There was no answer. She still trembled silently, and that was
all.
In less than five minutes the boy returned, and earned his
promised reward. He sat on the floor by the fire counting his
treasure, the one happy creature in the room. I soaked some
crumbled morsels of biscuit in the wine, and, little by little, I
revived her failing strength by nourishment administered at
intervals in that cautious form. After a while she raised her
head, and looked at me with wondering eyes that were pitiably
like the eyes of her child. A faint, delicate flush began to show
itself in her face. She spoke to me, for the first time, in
whispering tones that I could just hear as I sat close at her
side.
"How did you find me? Who showed you the way to this place?"
She paused; painfully recalling the memory of something that was
slow to come back. Her color deepened; she found the lost
remembrance, and looked at me with a timid curiosity. "What
brought you here?" she asked. "Was it my dream?"
"Wait, dearest, till you are stronger, and I will tell you all."

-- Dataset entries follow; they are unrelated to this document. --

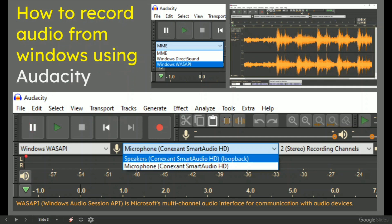I will demo it with Windows WASAPI. Then you've got to select the microphone — in my example, speaker's loopback. Loopback is the big deal. If you don't select loopback, you ain't doing it. I made a previous video in 2018 where I said use stereo, but you can use stereo or mono.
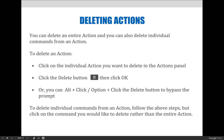You can delete an entire action, and you can also delete individual commands from within an action. To delete an action, click on the individual action you want to delete in the Actions panel, then either press the Delete button — the trash can in the bottom right-hand corner — or click and drag the action to the trash can. You can also Alt-click or Option-click, depending on whether you're on a Mac or PC, to bypass the prompt.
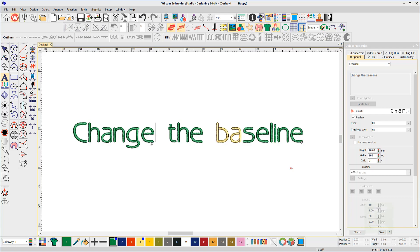This may take a little practice and you may find it easier to select from the right side of the letter and drag back.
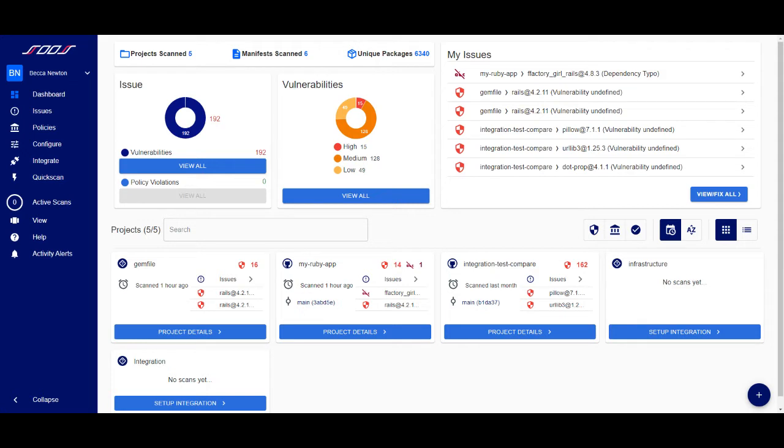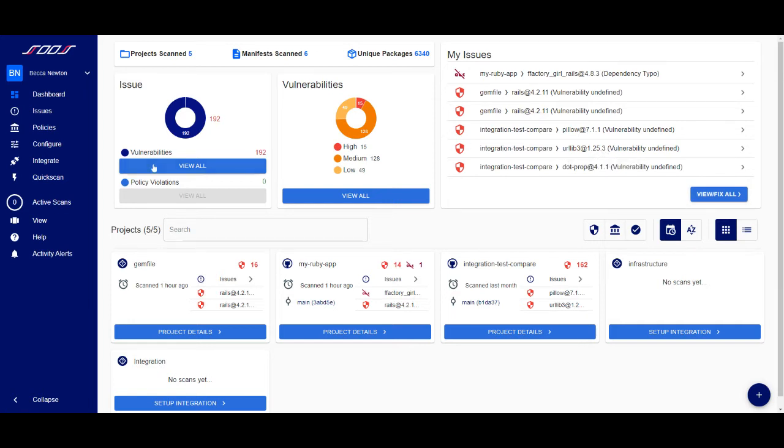To view all the issues found in your projects, you can open the Issues page by selecting View Fix All, clicking on an issue in your Issues list, or by selecting Issues from the left navigation bar.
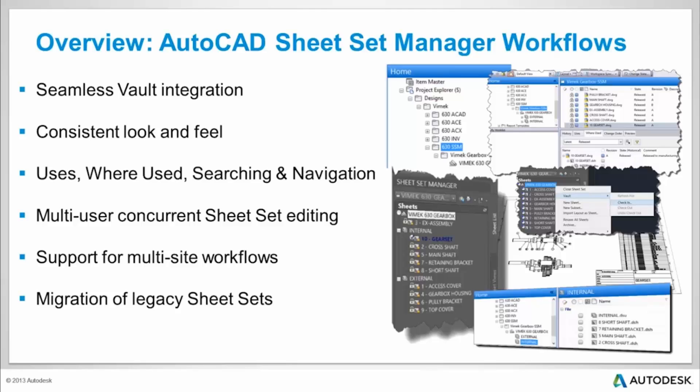Vault extracts and indexes drawing and sheet set properties so you get the ability to search, find, and easily navigate sheet sets and the associated drawing and sheet information.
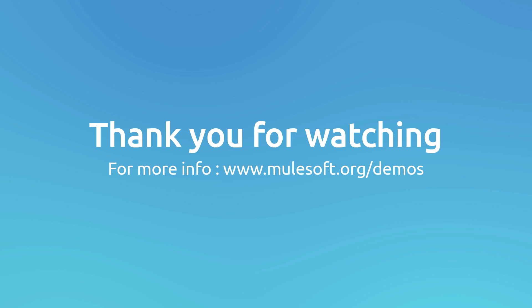I hope you enjoyed this demo. For further information, please don't hesitate to contact us. And visit our website at mulesoft.org. The LinkedIn connector documentation at GitHub. And our blogs at blogs.mulesoft.org. Hope you enjoyed the demo. Till the next time. Bye.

I lifted her gently, and laid her on the wretched bed. The child
followed us, and climbing to the bedstead with my help, nestled
at her mother's side. I sent the boy away to tell the mistress of
the house that I should remain with my patient, watching her
progress toward recovery, through the night. He went out,
jingling his money joyfully in his pocket. We three were left
together.
As the long hours followed each other, she fell at intervals into
a broken sleep; waking with a start, and looking at me wildly as
if I had been a stranger at her bedside. Toward morning the
nourishment which I still carefully administered wrought its
healthful change in her pulse, and composed her to quieter
slumbers. When the sun rose she was sleeping as peacefully as the
child at her side. I was able to leave her, until my return later
in the day, under the care of the woman of the house. The magic
of money transformed this termagant and terrible person into a
docile and attentive nurse--so eager to follow my instructions
exactly that she begged me to commit them to writing before I
went away. For a moment I still lingered alone at the bedside of
the sleeping woman, and satisfied myself for the hundredth time
that her life was safe, before I left her. It was the sweetest of
all rewards to feel sure of this--to touch her cool forehead
lightly with my lips--to look, and look again, at the poor worn
face, always dear, always beautiful, to _my_ eyes. change as it
might. I closed the door softly and went out in the bright
morning, a happy man again. So close together rise the springs of
joy and sorrow in human life! So near in our heart, as in our
heaven, is the brightest sunshine to the blackest cloud!
CHAPTER XXVI.
CONVERSATION WITH MY MOTHER.
I REACHED my own house in time to snatch two or three hours of
repose, before I paid my customary morning visit to my mother in
her own room. I observed, in her reception of me on this
occasion, certain peculiarities of look and manner which were far
from being familiar in my experience of her.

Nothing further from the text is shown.